- TO DO -
Set out word for word the line that contains "Nhà gần Eaon" and each line after it, through the end of the data below, but exclude the pictures.

- RECORDED DATA -

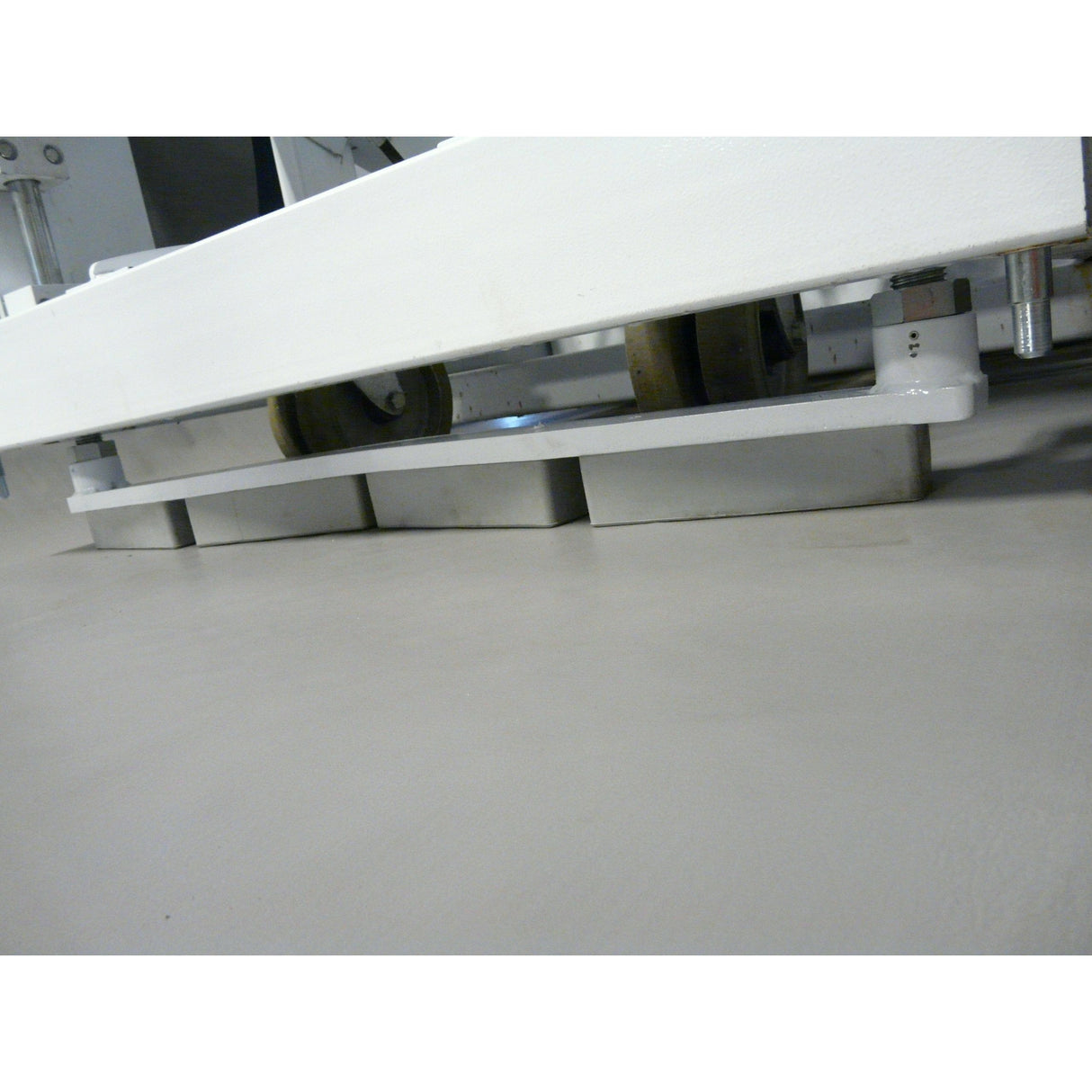 Bison T-REX Americana Automatic Portable Basketball Hoop BA898AGA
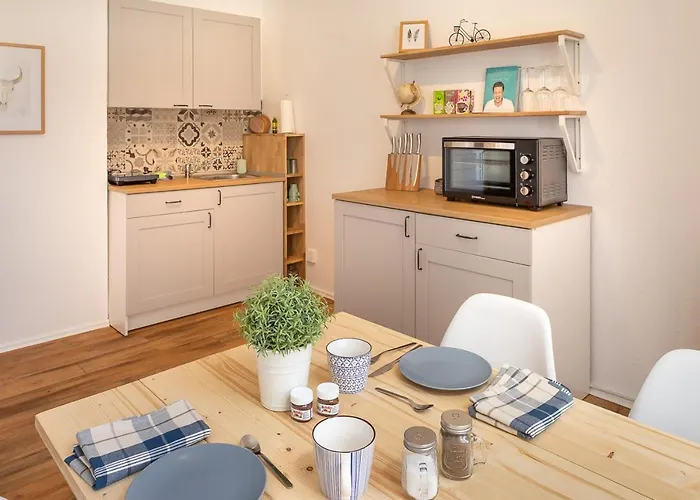 In Zentraler Lage Mit Parkplatz - Nah An Gop, Kliniken, Bali-therme * Bad Oeynhausen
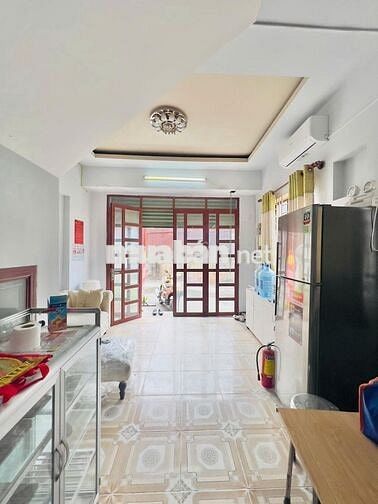 Nhà gần Eaon Tân Phú hẽm 5m dt 32m2 vuông giá 4,1 tỷ thương lượng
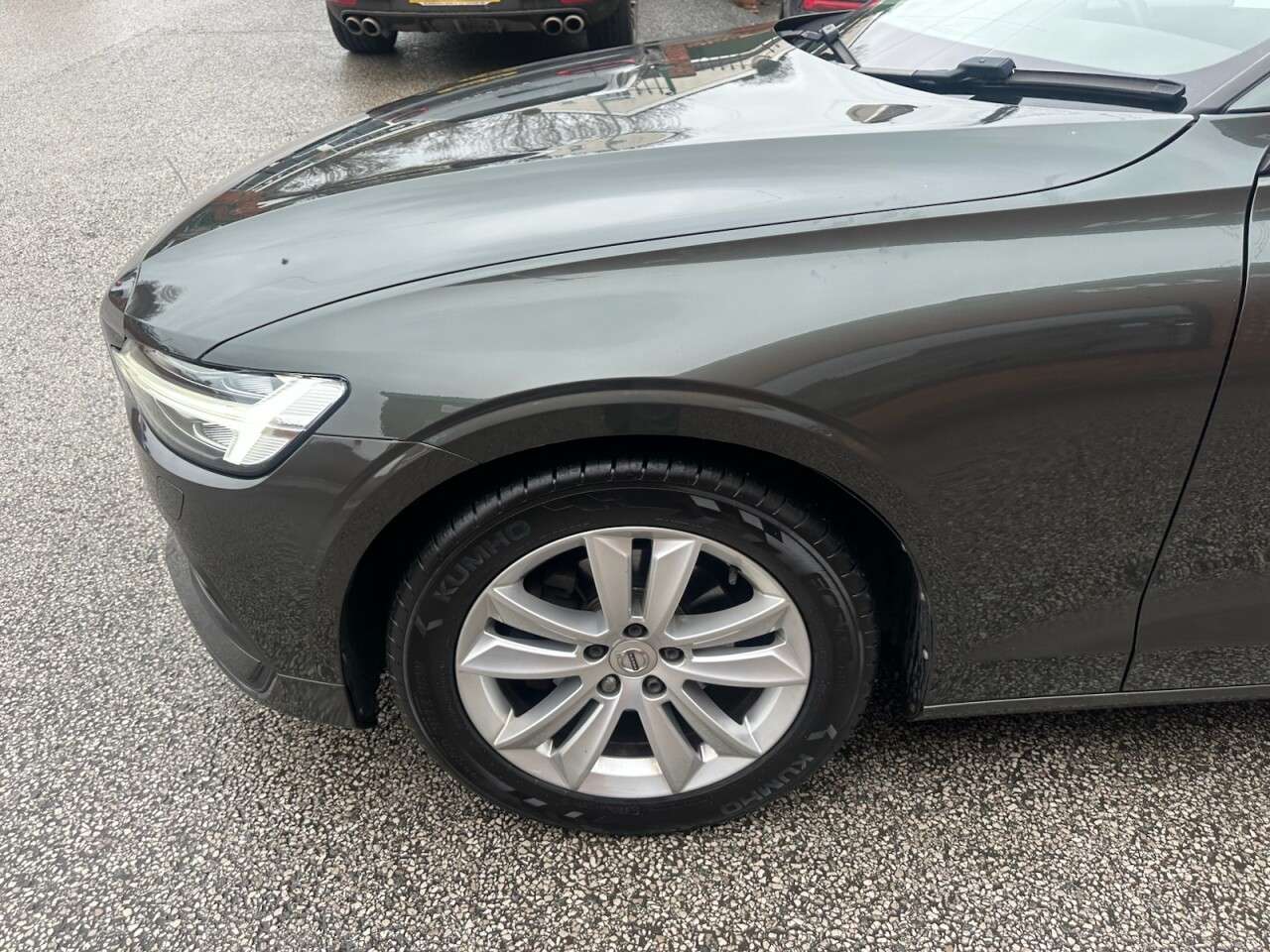 2019 VOLVO V60 2019 VOLVO V60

- OUTPUT OF THE EXERCISE -
 Nhà gần Eaon Tân Phú hẽm 5m dt 32m2 vuông giá 4,1 tỷ thương lượng
 2019 VOLVO V60 2019 VOLVO V60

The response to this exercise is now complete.